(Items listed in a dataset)
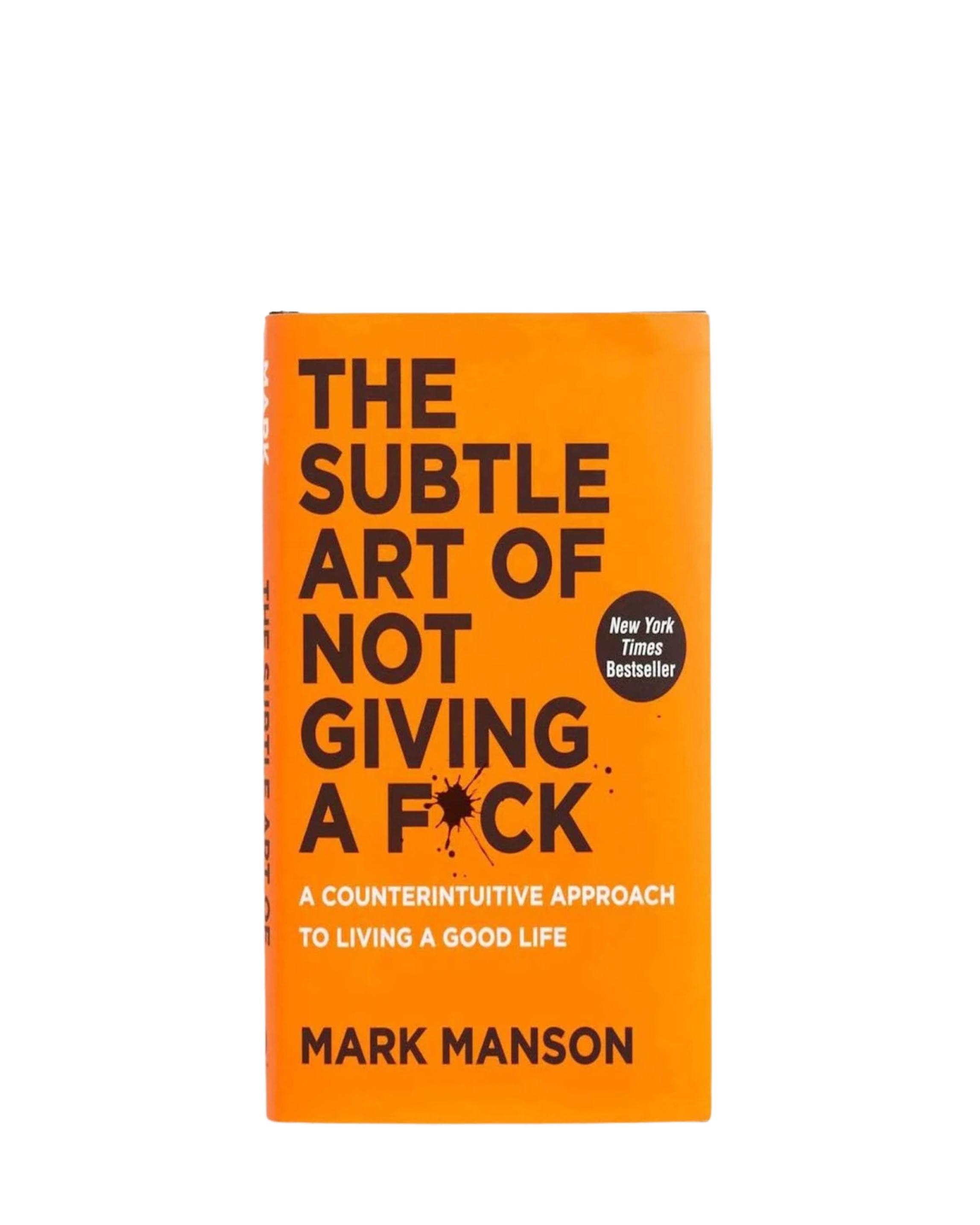 The Subtle Art Of Not Giving A Bleep By Mark Manson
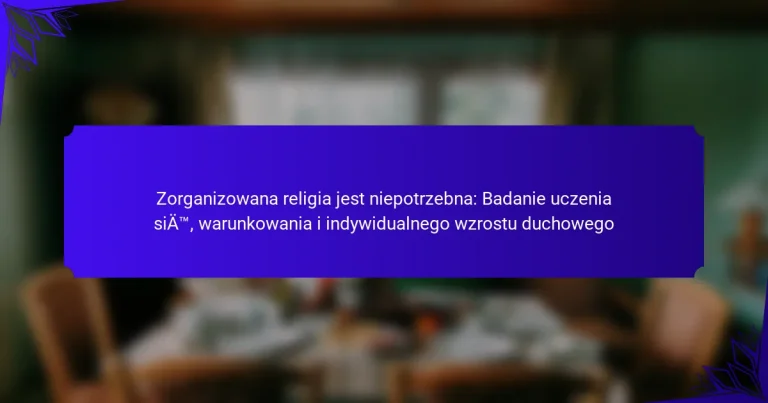 Zorganizowana religia jest niepotrzebna: Badanie uczenia się, warunkowania i indywidualnego wzrostu duchowego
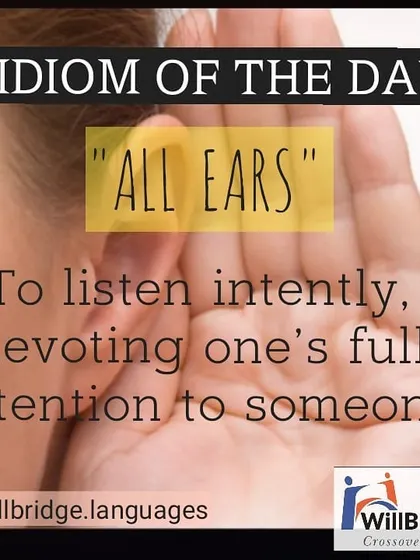 The idiom "all ears" is a great way to show you are paying attention. We cover expressions that are useful in both casual and professional conversations.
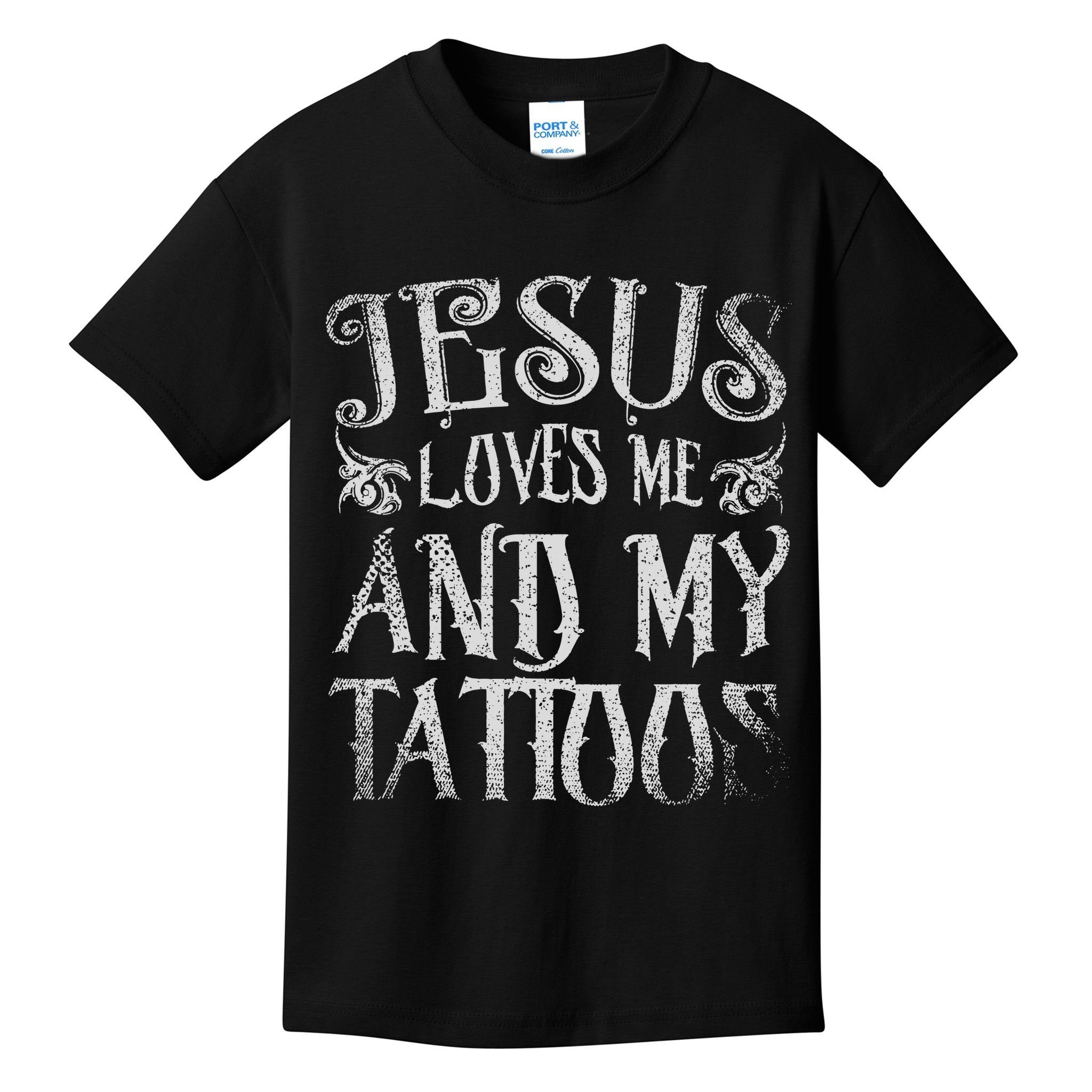 Christian Quote Jesus Loves Me And My Tattoos Tattoo Kids T-Shirt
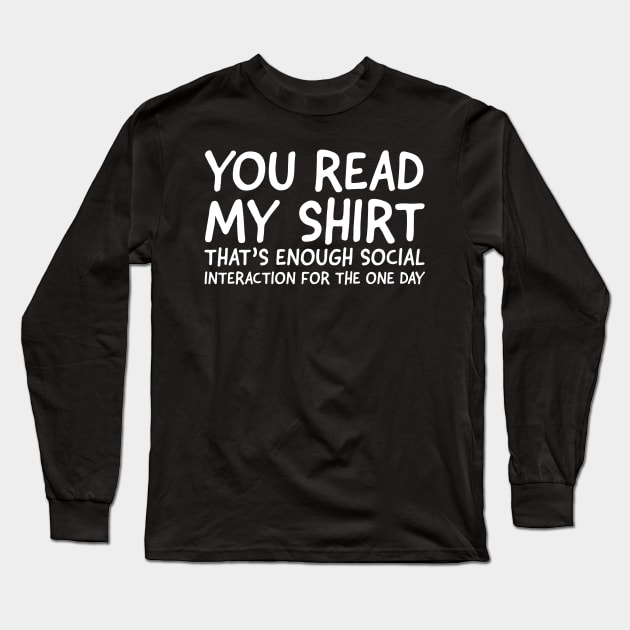 You Read My Shirt Long Sleeve T-Shirt by evokearo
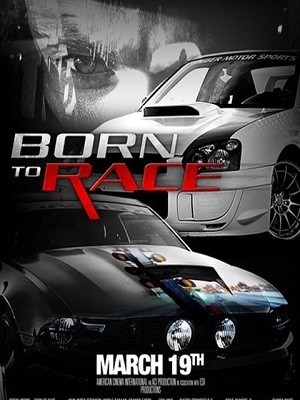 Sinh Ra Để Đua (Born to Race) (2011)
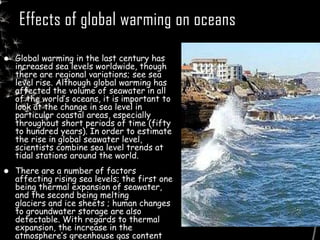 Effects of global warming on oceans
 Global warming in the last century has
increased sea levels worldwide, though
there are regional variations; see sea
level rise. Although global warming has
affected the volume of seawater in all
of the world’s oceans, it is important to
look at the change in sea level in
particular coastal areas, especially
throughout short periods of time (fifty
to hundred years). In order to estimate
the rise in global seawater level,
scientists combine sea level trends at
tidal stations around the world.
 There are a number of factors
affecting rising sea levels; the first one
being thermal expansion of seawater,
and the second being melting
glaciers and ice sheets ; human changes
to groundwater storage are also
detectable. With regards to thermal
expansion, the increase in the
atmosphere’s greenhouse gas content
 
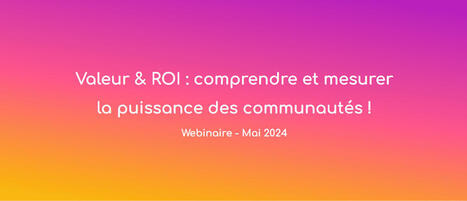 Comment calculer le ROI et la valeur d'une communauté professionnelle ? | [Wudo] Corporate Transformation | Scoop.it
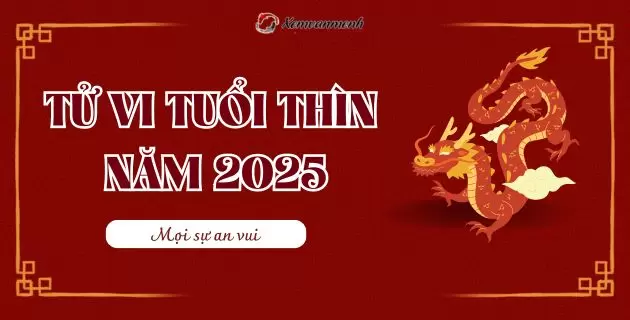 tử vi tuổi thìn năm 2025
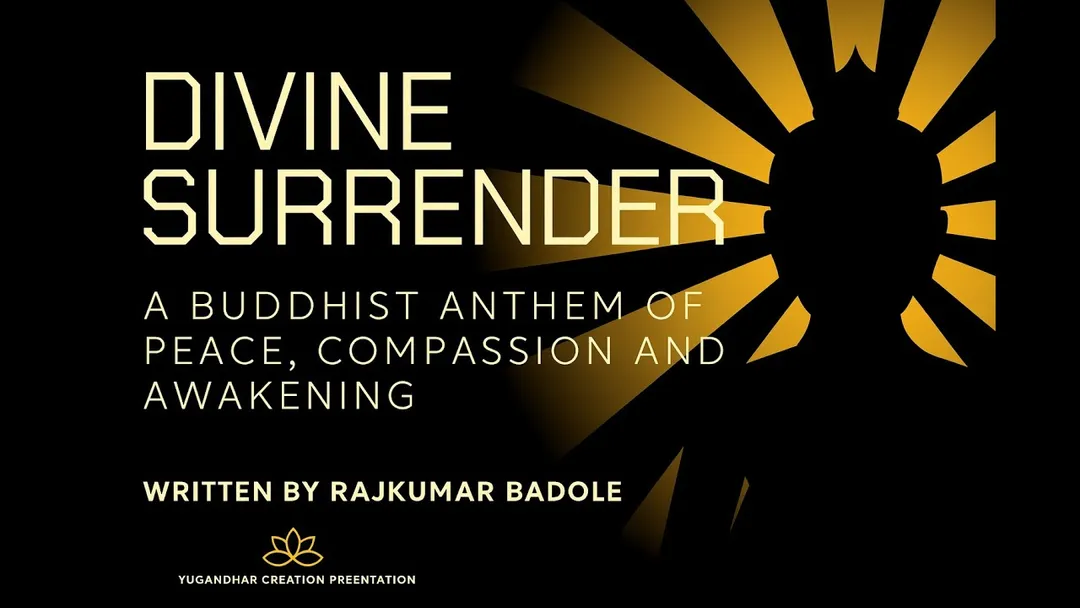 DIVINE SURRENDER' — A Buddhist Anthem of Peace, Awakening and Compassion  Unveiled in Mumbai - Newspatrolling.com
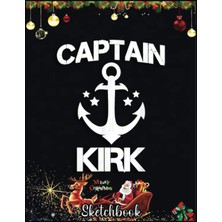 MUJGAN Christmas Sketch Book: Captaın Kırk Funny Birthday Personalized Name Boat Gift, 120 Pages Help You Design Your Ideas Size 8.5 x 11 Inches Sketchbook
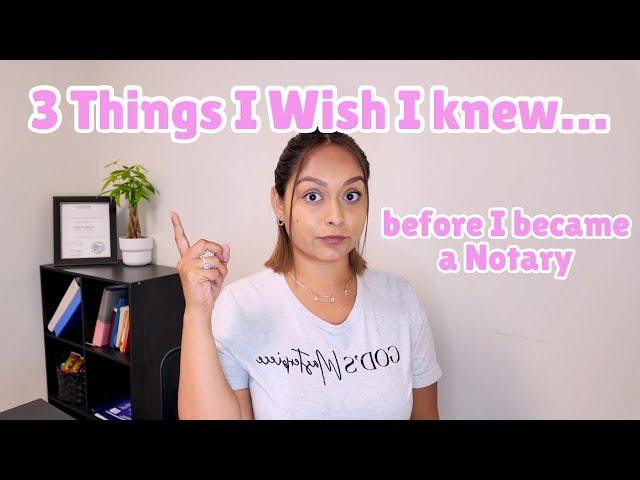 3 things I wish I knew before I became a Notary Public (this will save you TIME + MONEY)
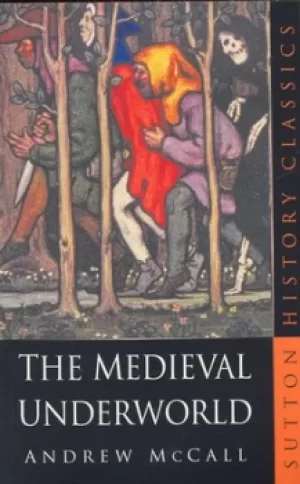 Image of The medieval underworld by Andrew McCall
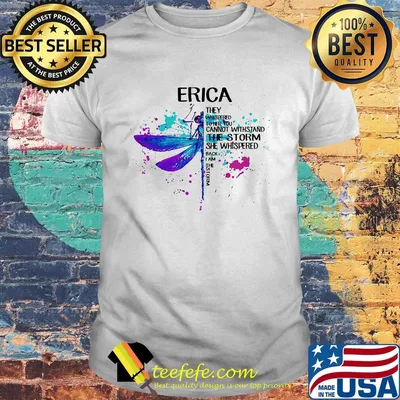 Erica They Whispered Cannot Withstand The Storm She Whispered Back I Am The Storm Dragonfly Shirt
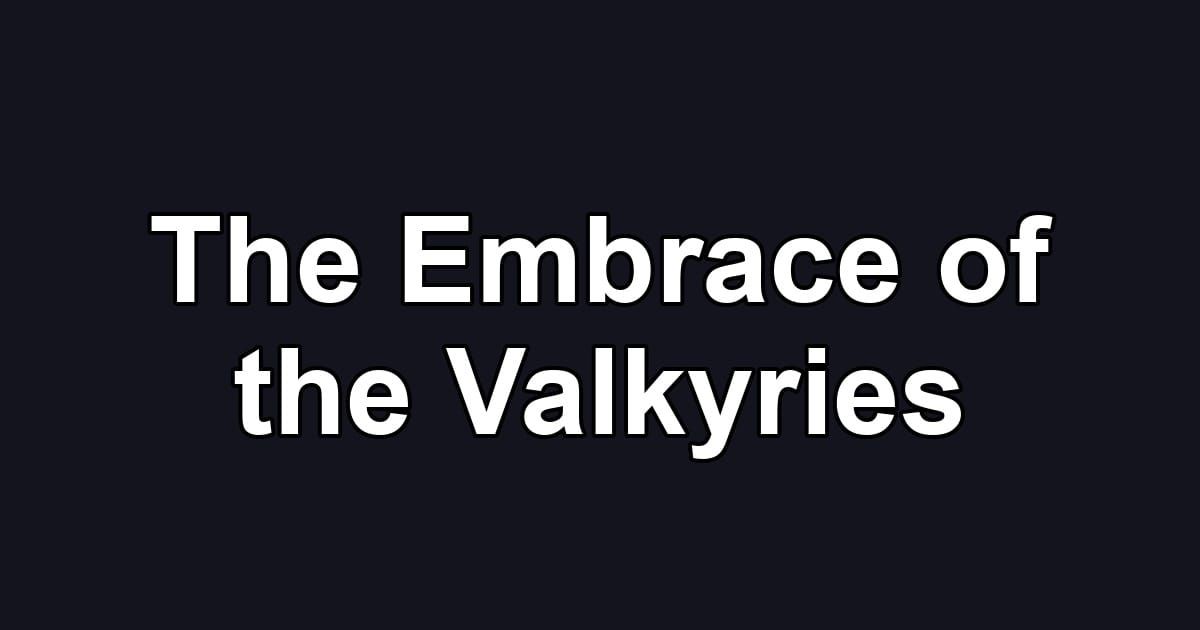 The Embrace of the Valkyries
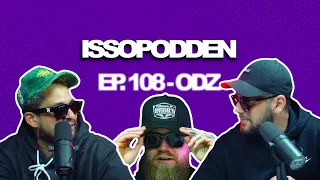 ISSOPODDEN - Episode 108: ODZ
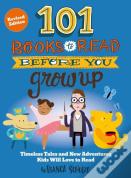 101 Books To Read Before You Grow Up (Revised Edition)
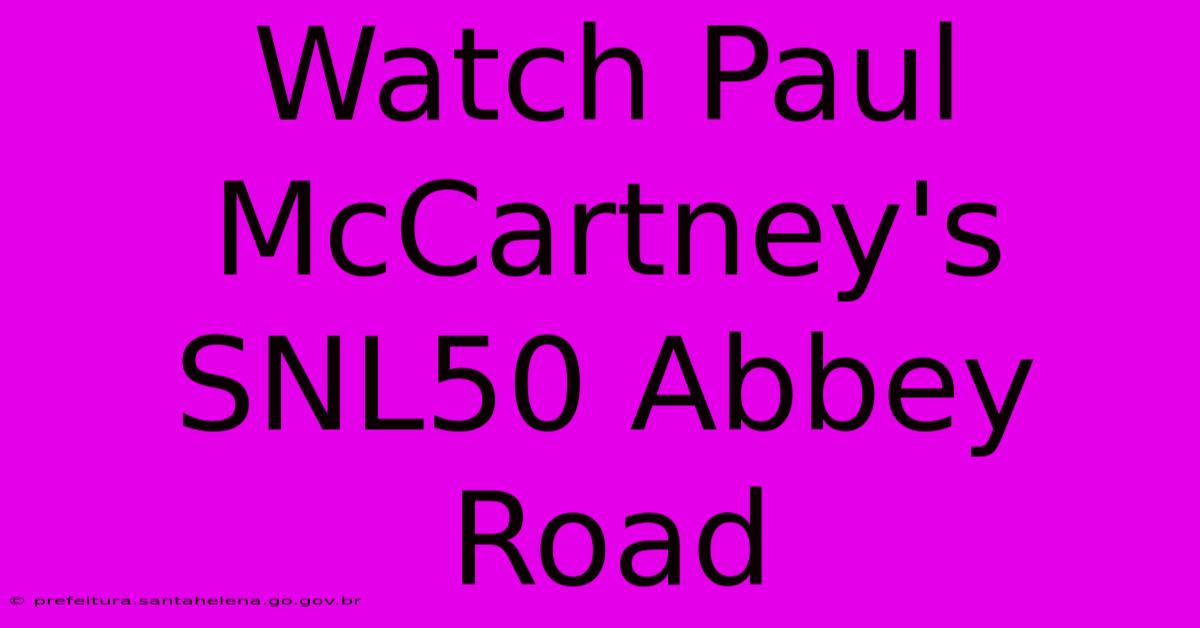 Watch Paul McCartney's SNL50 Abbey Road Watch Paul McCartney's SNL50 Abbey Road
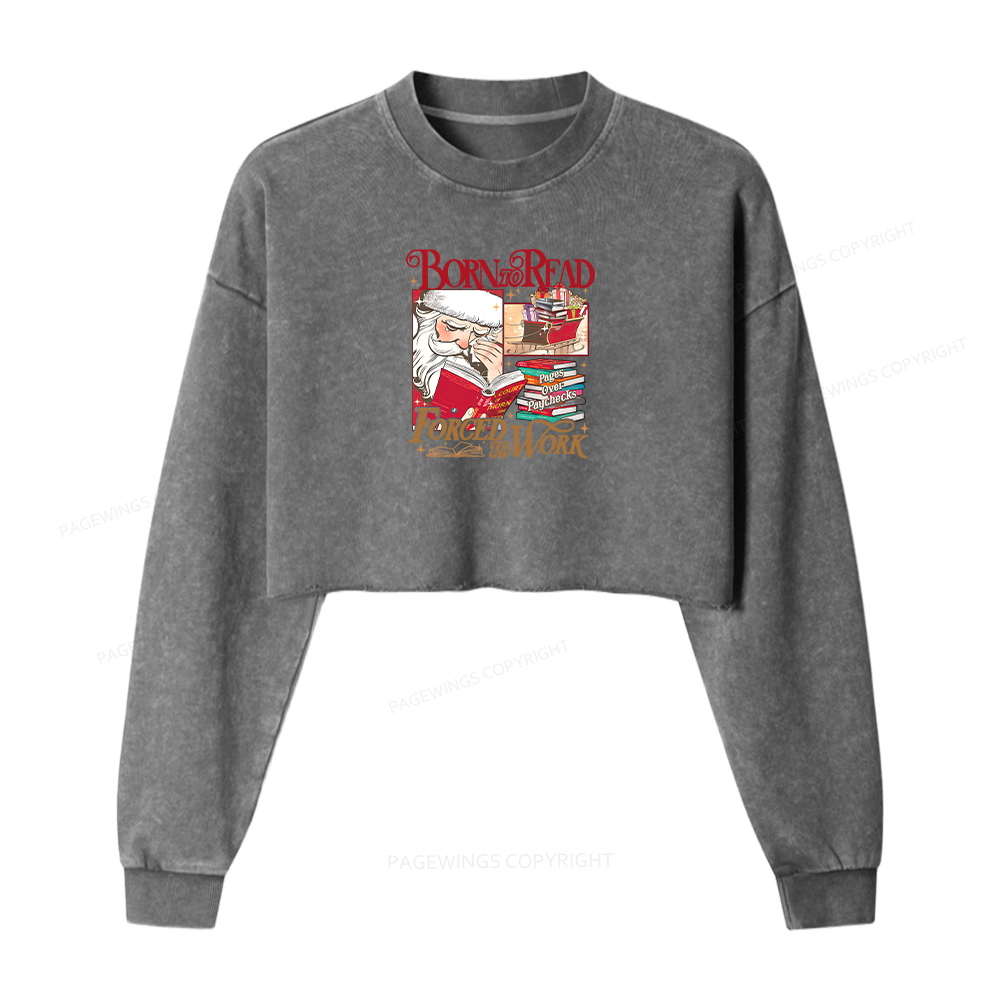 Pagewings Born To Read Forced To Work Women Washed Crop Sweatshirt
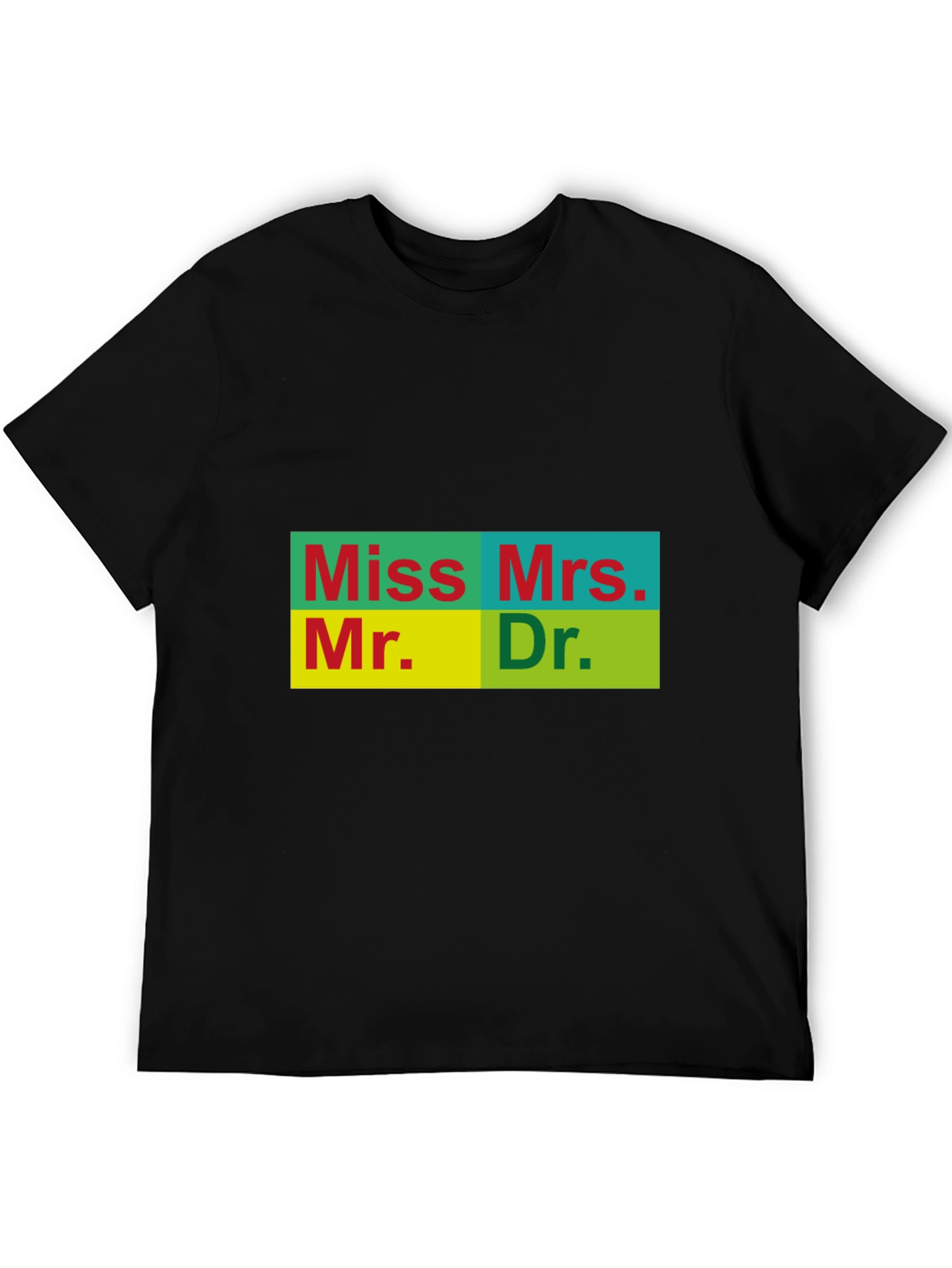 Title T-Shirt - Miss Mrs. Mr. Dr.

◆ **What is being asked**
Read each line of the data and count the ones that include "thermal", answering with the number alone.

◆ **Exercise answer**
2